_Dataset content_
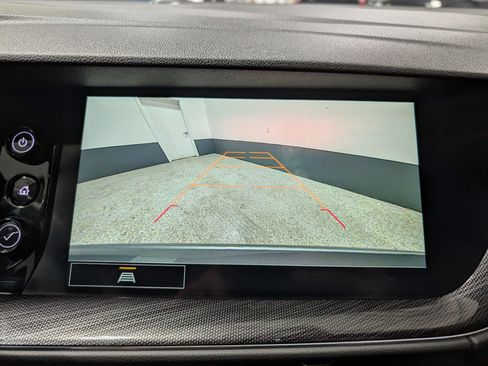 Used 2023 Buick Envision Preferred w/ Sport Touring Package image 27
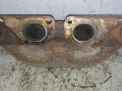 Коллектор выпускной BMW N63B44A фотография №1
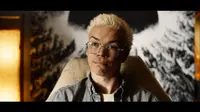 Will Poulter dalam Black Mirror: Bandersnatch 2018 (IMDb)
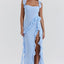 Vestido de Moda Elegante Elena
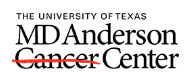 MD Anderson Cancer Center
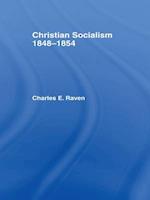 Christian Socialism, 1848-1854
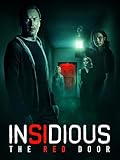 Insidious: The Red Door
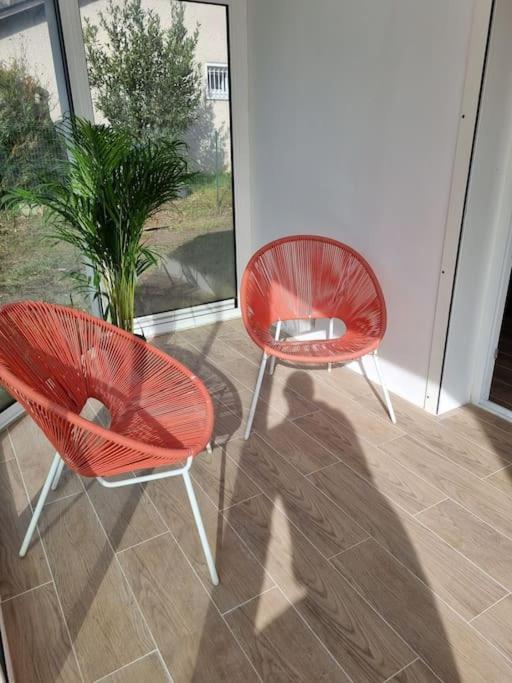 וליפינט Maison Chaleureuse מראה חיצוני תמונה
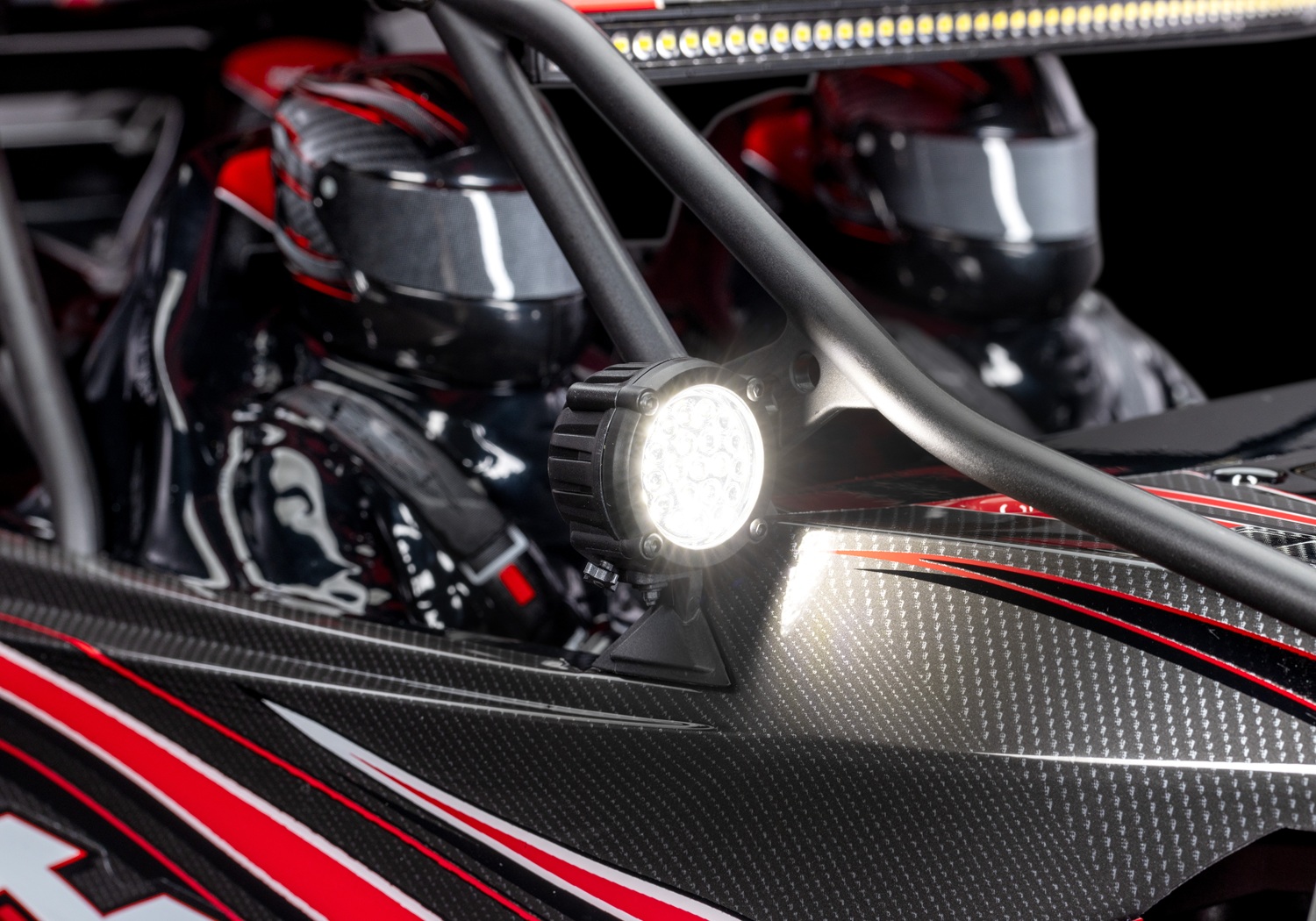 Traxxas Funco Replica Pro Scale LED Light Kit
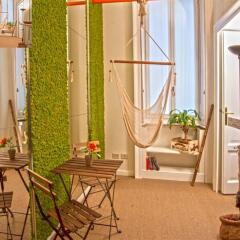 Отель INNperfect Suite спа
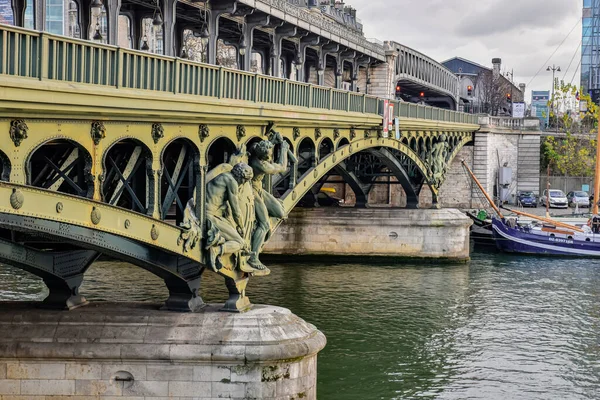 2018年9月頃イタリア ヴェネツィア アムステルダムの大運河 — ストック写真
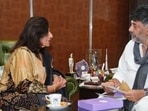 An online exchange between Shivakumar and Mazumdar-Shaw had recently drawn attention to the city’s deteriorating infrastructure. An online exchange between Shivakumar and Mazumdar-Shaw had recently drawn attention to the city’s deteriorating infrastructure.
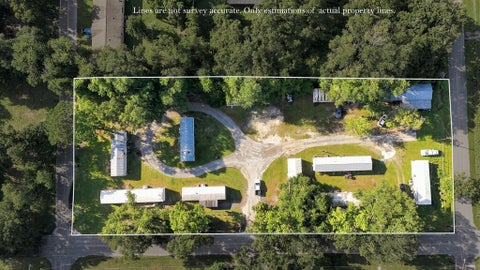 Tiny photo for 33 Peeler Ave, Lakeland, GA 31635 (MLS # 143075)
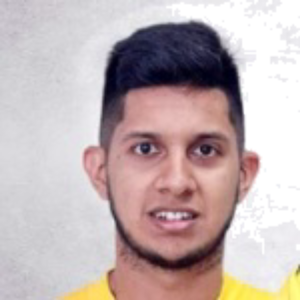 M. Martinez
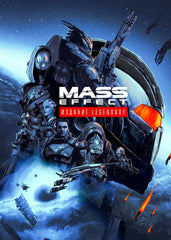 Mass Effec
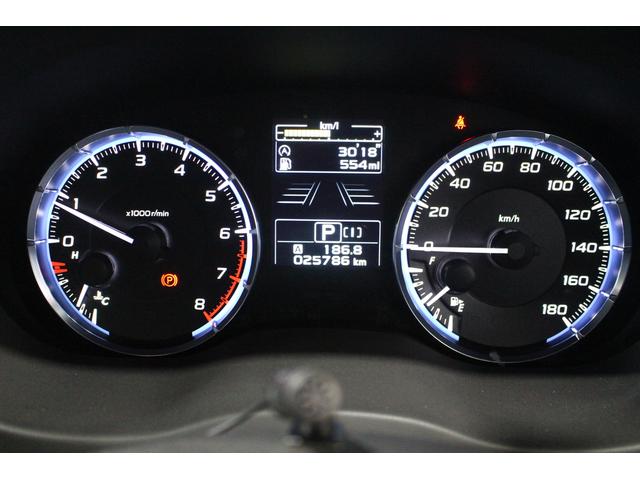 レヴォーグ １．６ＧＴ　ＥｙｅＳｉｇｈｔ　Ｓ－ｓｔｙｌｅ（36枚目）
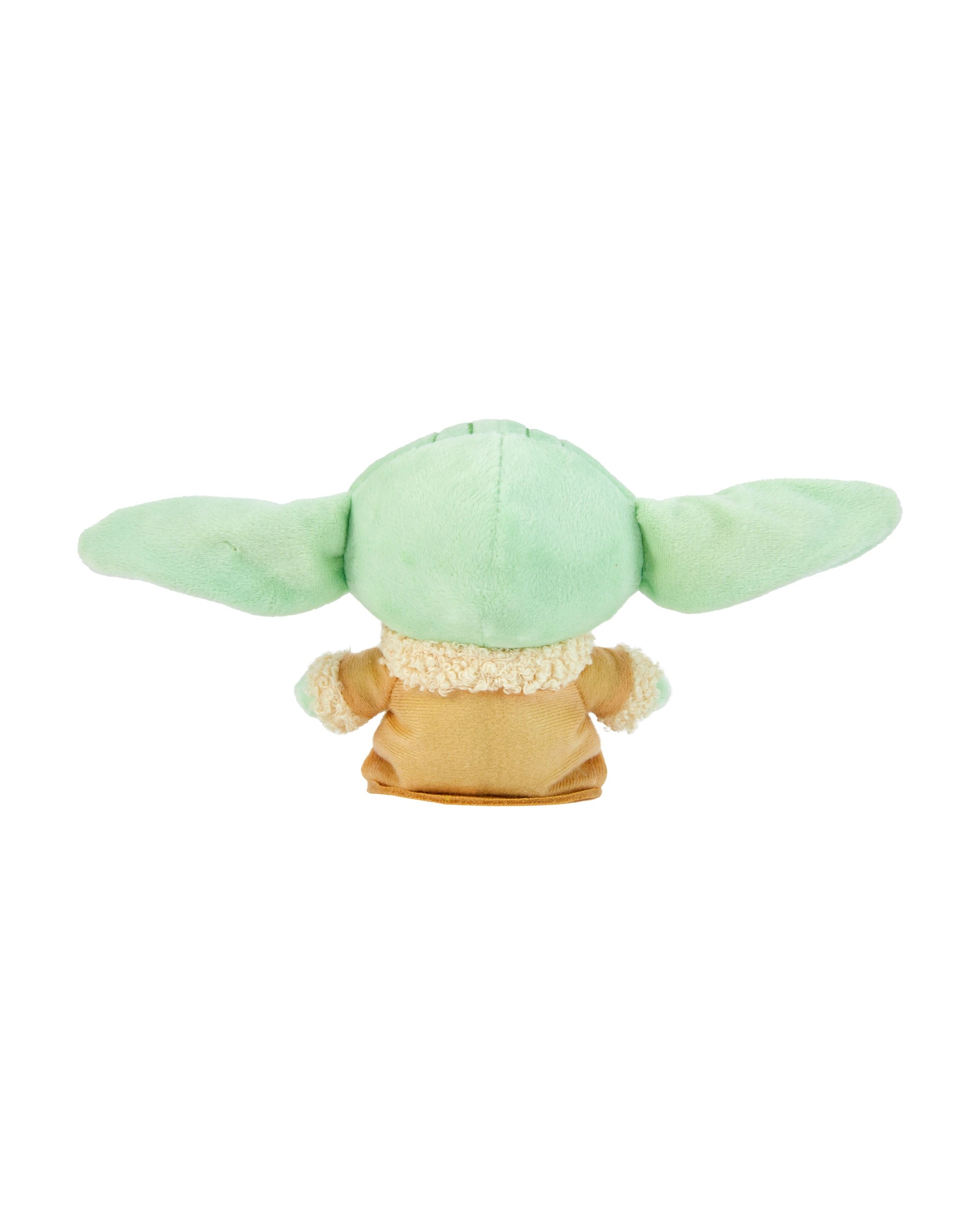 3 Disney Grogu Shoulder Plush Toy, 3 of 4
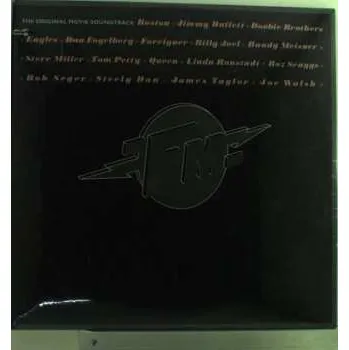 Hudba 2LP O.S.T.: F.m. 2012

_Task item_
Nothing but the lines from the line containing "Will Poulter dalam" through the end of the data, both ends included, is to be reproduced, exactly as written and without the pictures.

_Final answer_
 Will Poulter dalam Black Mirror: Bandersnatch 2018 (IMDb)
 Vestido de Moda Elegante Elena
 MD Anderson Cancer Center
 Christian Socialism, 1848-1854
 Insidious: The Red Door
 וליפינט Maison Chaleureuse מראה חיצוני תמונה
 Traxxas Funco Replica Pro Scale LED Light Kit
 Отель INNperfect Suite спа
 2018年9月頃イタリア ヴェネツィア アムステルダムの大運河 — ストック写真
 An online exchange between Shivakumar and Mazumdar-Shaw had recently drawn attention to the city’s deteriorating infrastructure. An online exchange between Shivakumar and Mazumdar-Shaw had recently drawn attention to the city’s deteriorating infrastructure.
 Tiny photo for 33 Peeler Ave, Lakeland, GA 31635 (MLS # 143075)
 M. Martinez
 Mass Effec
 レヴォーグ １．６ＧＴ　ＥｙｅＳｉｇｈｔ　Ｓ－ｓｔｙｌｅ（36枚目）
 3 Disney Grogu Shoulder Plush Toy, 3 of 4
 Hudba 2LP O.S.T.: F.m. 2012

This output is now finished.